A few of the most memorable tips from a college student to a college student
1. Don’t Slack
Time management is one of the hardest things to do when transitioning from non-college life to that of a part-time or full-time student. When transitioning into college, there are a million and one more things to do. From going shopping after a class with your roommate to going out on a Tuesday night, the ultimate test to a collegiate is how to manage time correctly. The average student, traditional and non-traditional, has a job outside of their schooling. The lack of balance between work and study has been one of the leading causes of reduction in the college retention rates across the U.S. Make sure to know what exams or projects and assignments with due dates are approaching, so you can schedule in a planner or phone of designated times to buckle down and get it done. Trust me; you’ll thank your responsible self when you graduate.
2. Take Notes
Take notes! Take notes! Take notes! Get the idea? With all the extracurricular activities there is do take part in, it’s expected that you won’t retain everything your 60 year old professor has to say about Accounting 101. But when exam time approaches sooner rather than later, notes either by laptop or notebook will become your best friend. Plus, many professors will test over material from your notes—not just the textbook. This is a good way to show that you’re paying attention and stand out to your professors.
3. Office Hours
Take advantage of your professors’ office hours. Many professors are required to set a certain amount of time aside for students who may need extra help and/or advice on career development. However, many students do not take advantage of this opportunity. By attending office hours, you are making your face known to your professor, and you might even get some helpful hints on class assignments just for taking the time to ask. Don’t forget, he/she may just be a great reference or candidate for a letter of recommendation in the near future.

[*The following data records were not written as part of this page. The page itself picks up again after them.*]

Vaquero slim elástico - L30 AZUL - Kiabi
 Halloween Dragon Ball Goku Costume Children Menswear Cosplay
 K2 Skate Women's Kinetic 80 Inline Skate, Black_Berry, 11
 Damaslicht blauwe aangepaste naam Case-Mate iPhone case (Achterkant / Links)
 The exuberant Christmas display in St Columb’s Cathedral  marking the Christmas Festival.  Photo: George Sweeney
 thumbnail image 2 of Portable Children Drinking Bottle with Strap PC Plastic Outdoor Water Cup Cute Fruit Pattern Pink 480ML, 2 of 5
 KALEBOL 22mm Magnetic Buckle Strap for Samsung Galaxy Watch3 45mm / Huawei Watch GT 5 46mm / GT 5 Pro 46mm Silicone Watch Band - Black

If one thing is remembered from this article. It’s all about WHO you know. Some say your connections are almost more important than your resume. In some cases this is true, but do not go and drop out of college—your connections wouldn’t like that. Building a network of people to seek life advice from, study with, or to become life-long friends, all of these are intangible benefits of a college career. Calculus derivatives may or may not be remembered in upcoming years, but connections last a lifetime. So get involved. Make friends with at least one or two people in class. Campus will seem much smaller and confidence for tests will be noticed with increased test scores from late night study sessions. Plus, this will help with communication and social skills. That’s definitely a go-to skill for employers!
5. 3 Letters—F.U.N.
Forty years from now what are you going to remember about college? “Oh I remember that Accounting 101 exam. It really kicked my butt with debits and credits.” Maybe. But you’re more likely to remember all the fun times you had with friends when you shouldn’t have stayed up so late on a weeknight going to Taco Bell. You’re going to remember the semester when you met your best friend in the dorms or nearby apartment or even the small, random events that have shaped you into the well seasoned adult you are today. Memories like these are lessons learned outside of the classroom that will be stories to tell for years to come when someone asks “What tips can you give me before heading off to college?”